Recorded data:
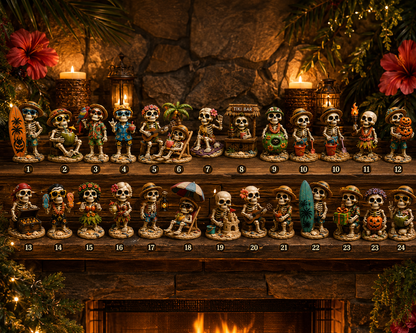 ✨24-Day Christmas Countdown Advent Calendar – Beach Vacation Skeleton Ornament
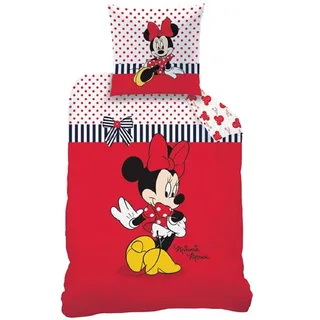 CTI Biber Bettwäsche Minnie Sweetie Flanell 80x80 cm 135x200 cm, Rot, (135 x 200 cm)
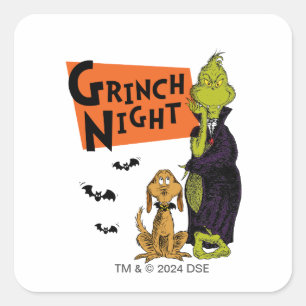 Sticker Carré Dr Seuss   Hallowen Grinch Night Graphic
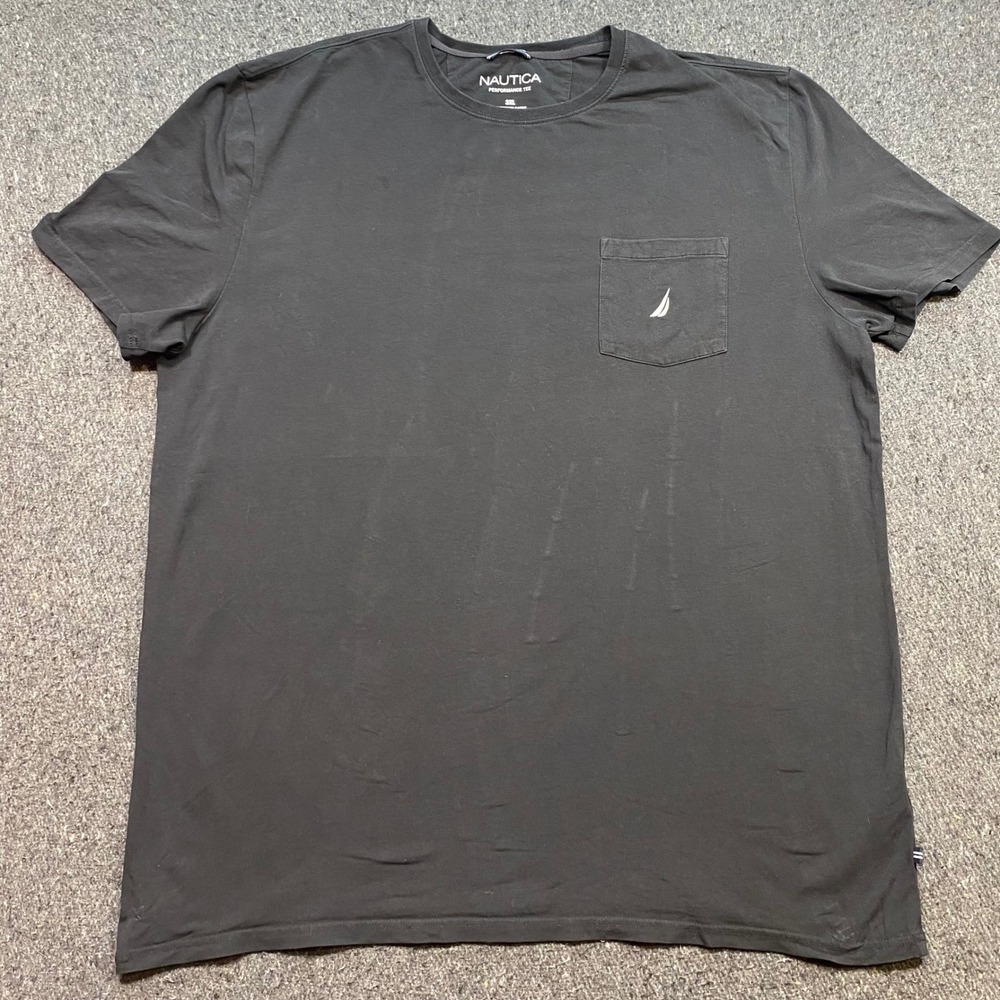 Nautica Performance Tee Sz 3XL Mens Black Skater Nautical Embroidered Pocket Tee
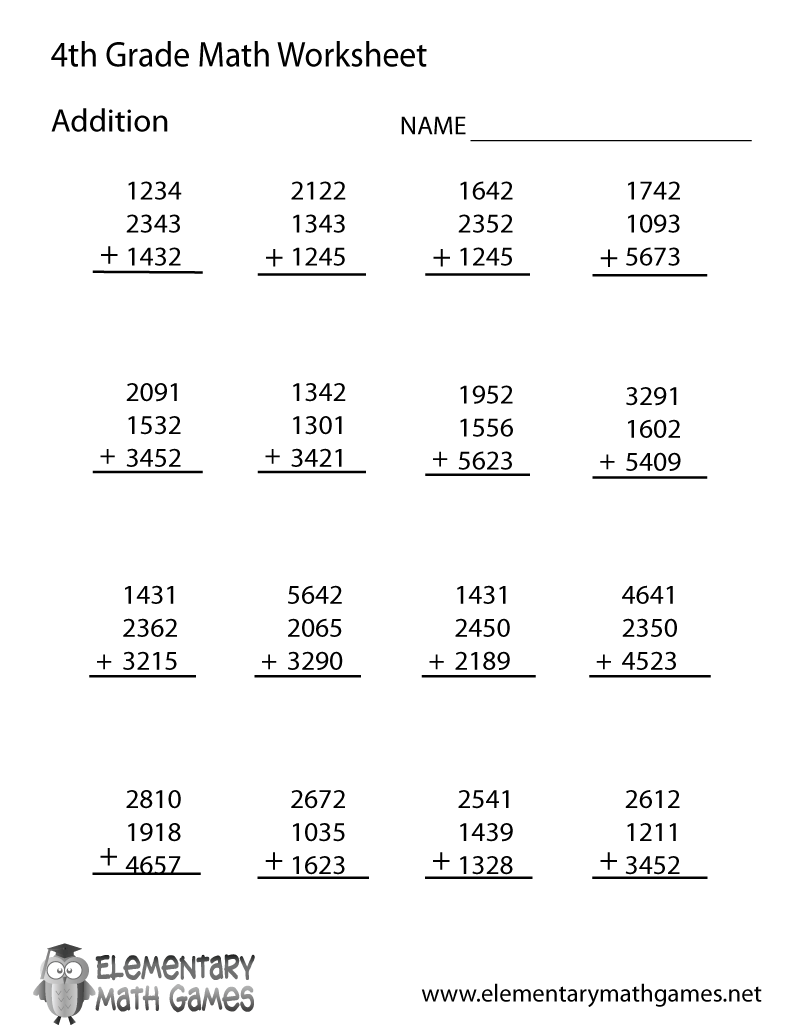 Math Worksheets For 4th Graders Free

==

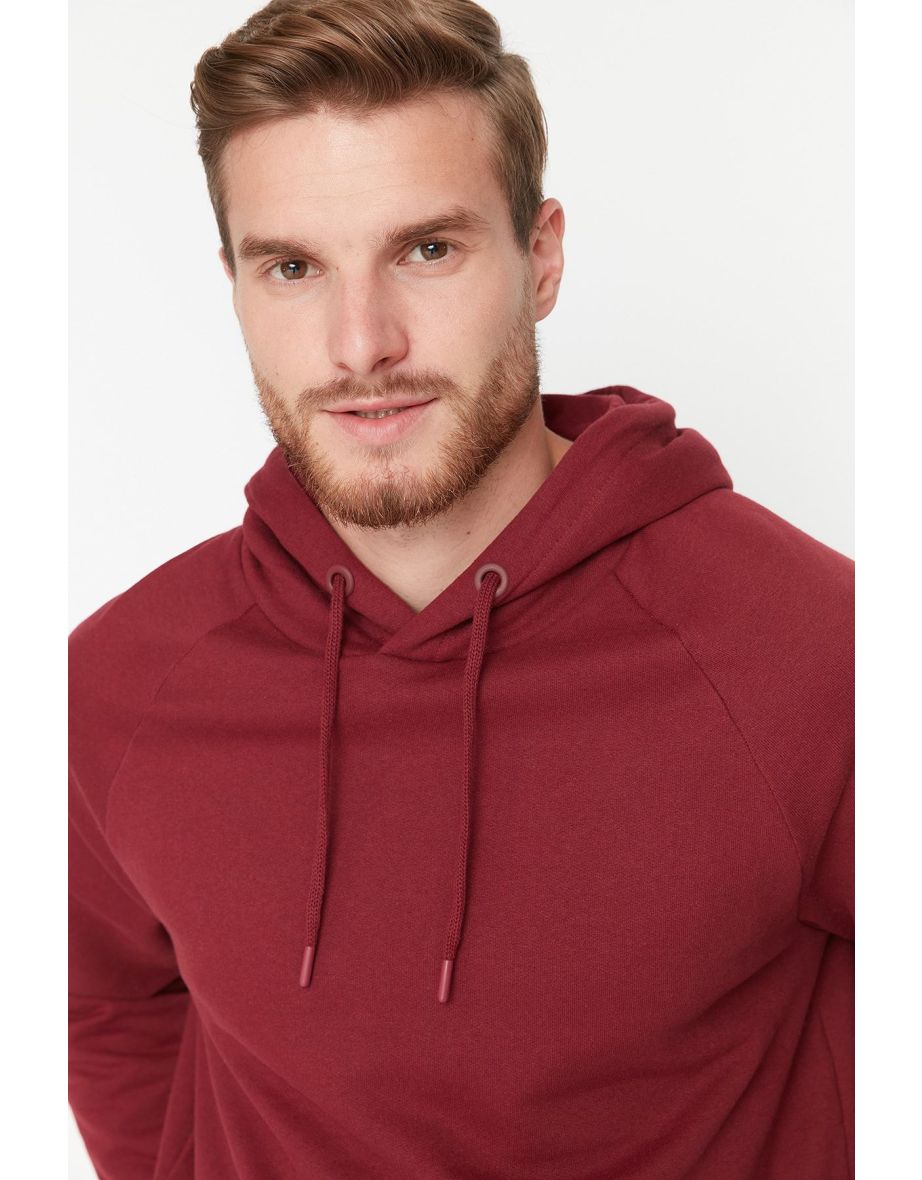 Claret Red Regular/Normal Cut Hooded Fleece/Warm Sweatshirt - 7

About this exercise: In the data above, take the line with "CTI Biber Bettwäsche", the line with "Math Worksheets For 4th Graders Free", and every line between, and set them down exactly without pictures.

Solution to this exercise:
 CTI Biber Bettwäsche Minnie Sweetie Flanell 80x80 cm 135x200 cm, Rot, (135 x 200 cm)
 Sticker Carré Dr Seuss   Hallowen Grinch Night Graphic
 Nautica Performance Tee Sz 3XL Mens Black Skater Nautical Embroidered Pocket Tee
 Math Worksheets For 4th Graders Free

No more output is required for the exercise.